In "To Speak as One", when Qvo-87 is having sort of a solo adventure, he appears both smartass and prone to theatrics in his scheming against the inquisitor - a downright Belisarius Cawl in miniature. Whereas Qvo-89, upon his awakening, is much more like Friedisch Adum Silip Qvo we meet in Cawl's flashbacks - a somewhat timid, pious man, a "straight man" and an exasperated witness to Cawl's antics.
This, of course, can be explained as a result of each iteration getting closer to the original, with Qvo-89 being a particularly close copy, as Cawl smugly notes. But at the same time it does not seem like that much of a radical breakthrough - Cawl navigates their initial conversation like one he already had dozens of times, suggesting that most iterations of Qvo at least start out this way.
Which, to me, suggests two, not necessarily contradictory explanations:
First one is that, not originally having the entirety of Friedisch's mind to save, Cawl had to "fill in the blanks" with something - his own ideas of what his friend was like, perhaps? And wouldn't it have been nice if poor Friedisch, ever so serious, always stressed and sweating the unimportant details, could, over time, learn to relax and enjoy himself a little?

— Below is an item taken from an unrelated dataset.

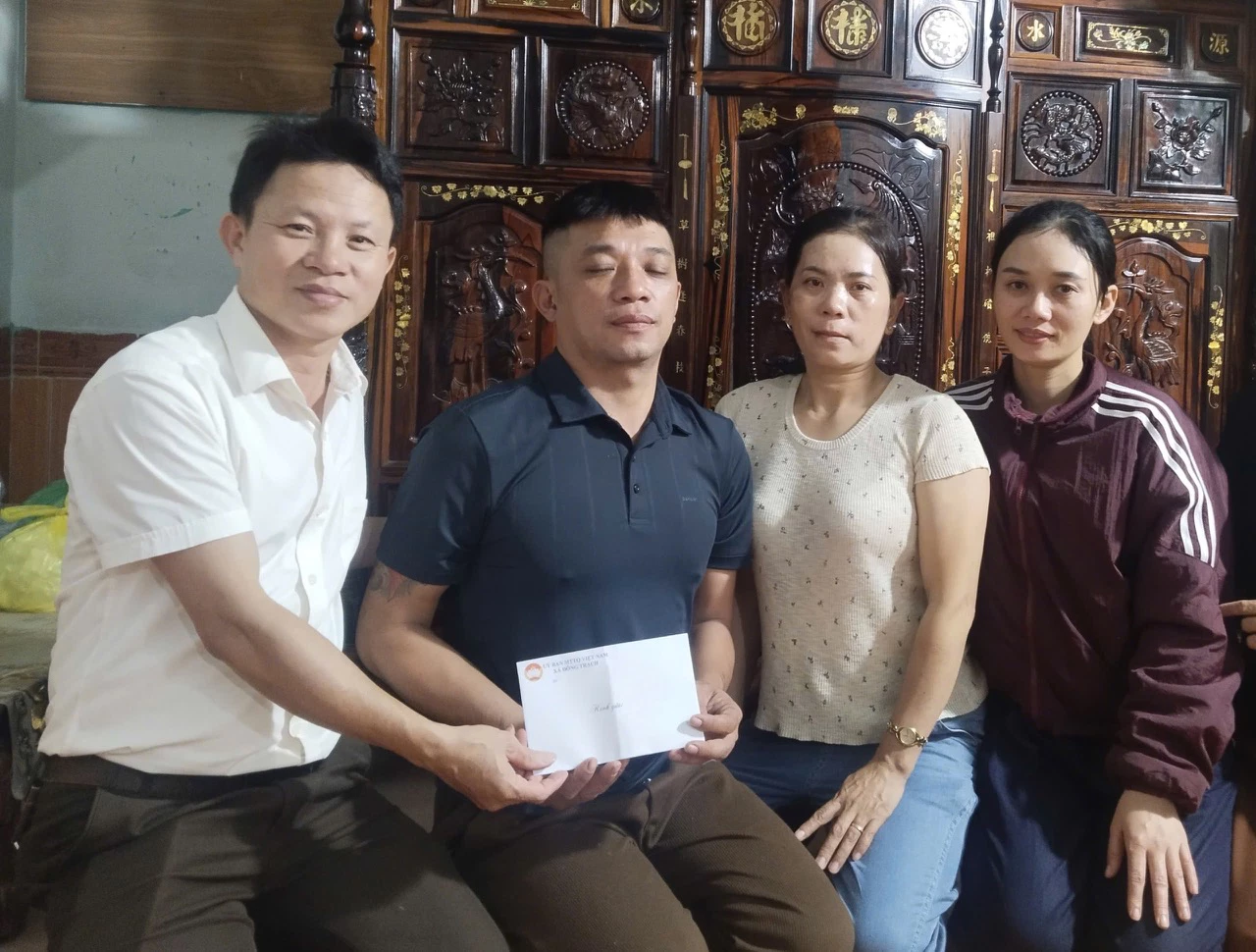 Công tác chăm lo đời sống cho người nghèo, người có hoàn cảnh khó khăn luôn được Uỷ ban MTTQVN xã Đông Trạch quan tâm thực hiện - Ảnh: L.M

But second is that Cawl's reconstruction of him has nothing to do with this. Friedisch Adum Silip Qvo was actually always like that. A man who acted indecisive and skittish as an unappreciated low ranking adept at the bottom of a paranoid, schism-torn priesthood in the middle of an apocalyptic civil war, suddenly finds himself as essentially immortal right-hand man to a messianic genius at the head of one of the most powerful human institutions in the galaxy. Wonder if it's going to help him shed some self-confidence issues and express himself more freely?
I guess what I am saying is that for every bit of "opposites attract" that defines Cawl and Qvo's relationship, there seems to be a non-insignificant bit of "birds of a feather" dynamic to tag along. That is to say, that they were two glorious little gremlin shits against the galaxy from the very beginning - one of them just had a little more self-preservation instinct about the whole thing.